Lemon and Lime Juice as Flavor Tools
You don’t need to eat fruit whole to get the flavor. Lemon juice contains only about 1.2 to 1.5 grams of carbs per fluid ounce, which means a squeeze over fish, a splash in sparkling water, or a tablespoon in a salad dressing adds almost nothing to your carb count. Lime juice is similarly low. Both are essentially free on keto when used as seasoning rather than consumed by the glass.
Fruits to Skip on Keto
Some popular fruits carry so many carbs that even a single serving could blow most of your daily budget. A medium banana has 26.9g of carbs. A medium apple has 27.6g. One cup of grapes comes in at 27.2g. A cup of pineapple chunks has 21.6g, and a cup of cherries without pits contains 24.6g. Even a single medium peach delivers 15.2g.

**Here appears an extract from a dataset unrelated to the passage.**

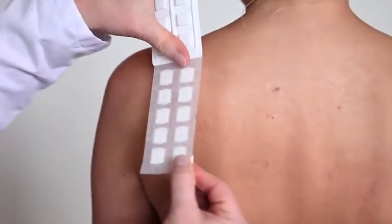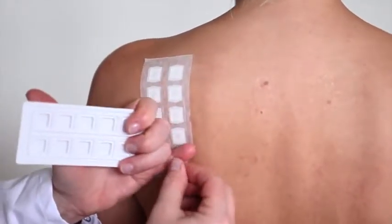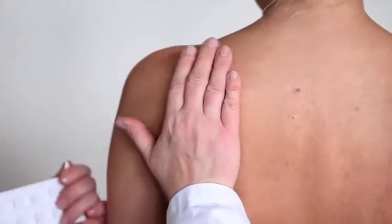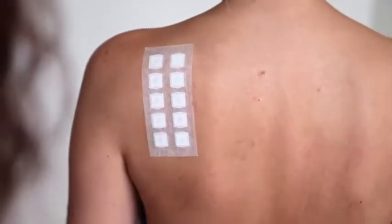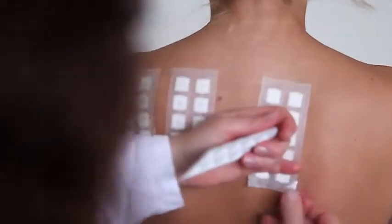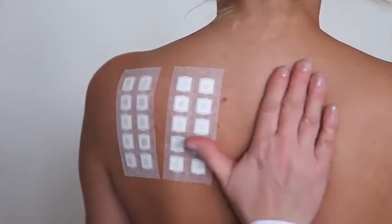When applying the test patches on the patient, use if possible the upper part of the patient's back and avoid applying patches to the midline and the scapula. Apply the IQ unit gently and remove the corner. Press the tape with the palm of your hand for a few seconds. The pressure and heat will enhance adhesion.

These aren’t unhealthy fruits by any measure. They’re just packed with natural sugars that don’t work within a 20 to 50g daily carb limit. If you’re craving something sweet and tropical, a small portion of watermelon or cantaloupe will satisfy that craving at a fraction of the carb cost.
Why Dried Fruit Is a Trap
Dried fruit is one of the fastest ways to accidentally exit ketosis. The dehydration process removes water but concentrates all the sugar into a much smaller, denser package. To put that in perspective: 100 grams of fresh apple contains 10 grams of sugar, while the same weight of dried apple contains 57 grams. That’s nearly six times the sugar, gram for gram.
Dried mango, raisins, dried cranberries, and banana chips all follow the same pattern. They’re also far easier to overeat because the portions are small and feel unsatisfying compared to the fresh version. If fruit is part of your keto plan, always choose fresh or frozen over dried.
Practical Tips for Fitting Fruit Into Keto
The simplest approach is to build your fruit intake around berries and avocado. A half-cup of strawberries with breakfast and half an avocado at lunch adds roughly 13g of total carbs to your day, leaving plenty of room for vegetables and other foods. If you want variety, rotate in small amounts of melon, a plum, or a wedge of grapefruit.
Measuring matters more with fruit than with most keto foods. It’s easy to eyeball a serving of cheese or butter, but a “handful” of blueberries could be anywhere from a quarter-cup to a full cup, and the carb difference is significant. Using a measuring cup for the first week or two helps you calibrate what a keto-appropriate serving actually looks like. After that, you’ll be able to estimate with confidence.
Pairing fruit with a fat source also helps. Berries with heavy cream, avocado with olive oil, or strawberries dipped in a small amount of dark chocolate all slow digestion and reduce the blood sugar impact of the natural sugars you’re eating. This keeps you in ketosis more reliably than eating fruit on an empty stomach.